Bhind is a city in the Indian state of Madhya Pradesh. It is the headquarters of the Bhind district.

== Geography ==
Bhind is located at . It has an average elevation of 474 metres (1555 ft).

==Demographics==
As of 2011 Indian Census, Bhind had a total population of 197,585, of which 105,352 were males and 92,233 were females. Population within the age group of 0 to 6 years was 25,358. The total number of literates in Bhind was 142,923, which constituted 72.3% of the population with male literacy of 77.9% and female literacy of 65.9%. The effective literacy rate of 7+ population of Bhind was 83.0%, of which male literacy rate was 89.6% and female literacy rate was 75.4%. The Scheduled Castes and Scheduled Tribes population was 39,267 and 1,832 respectively. Bhind had 33592 households in 2011.

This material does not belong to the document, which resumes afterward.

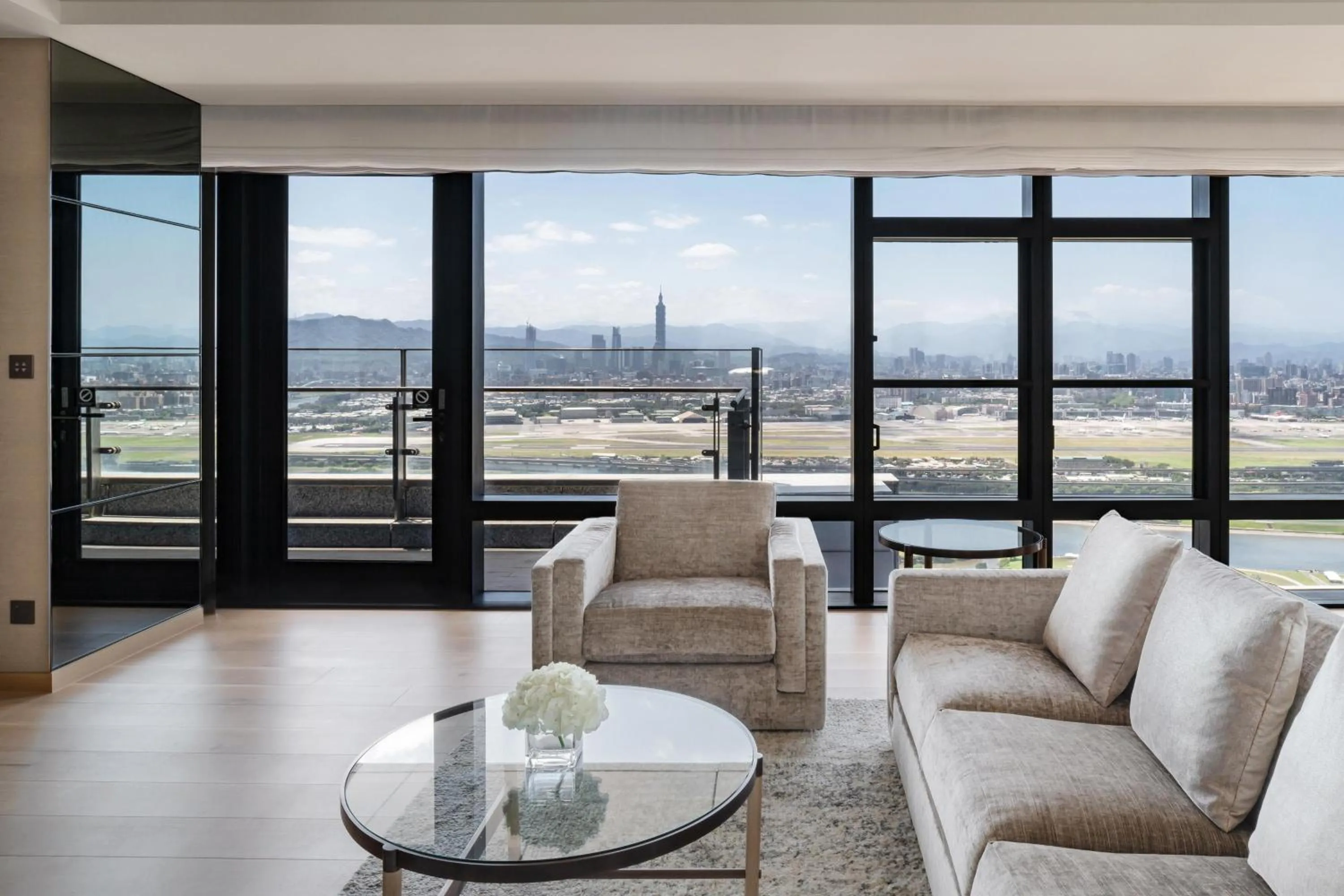 Living room in Taipei Marriott Hotel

As of 2001 India census, Bhind had a population of 153,768. Males constitute 54% of the population.

==Place of interest==
- Ater Fort, it was built by Bhadauria kings Badan Singh, Maha Singh and Bakhat Singh between 1664 and 1668.
- Vankhandeshwar Temple: It is located in Bhind town. It is a Shiv Mandir built by the king, Prathwiraj Chauhan in 1175 AD. It is told that "Jyoti" is continuously flamed since then.

== Notable personalities ==

- Satendra Singh Lohiya, Indian swimmer
- Arvind Singh Bhadoria, Indian Politician
- Bhagirath Prasad, Retd. Indian Administrative Service Officer, Ex. Lok Sabha MP. & Ex. Vice Chancellor DAVV Indore
- Chaudhary Rakesh Singh Chaturvedi, Indian Politician
- Lal Singh Arya, Former Minister MP Govt., National President BJP SC Morcha.

==Transportation==
- Bhind railway station is main station of city, major trains halt here.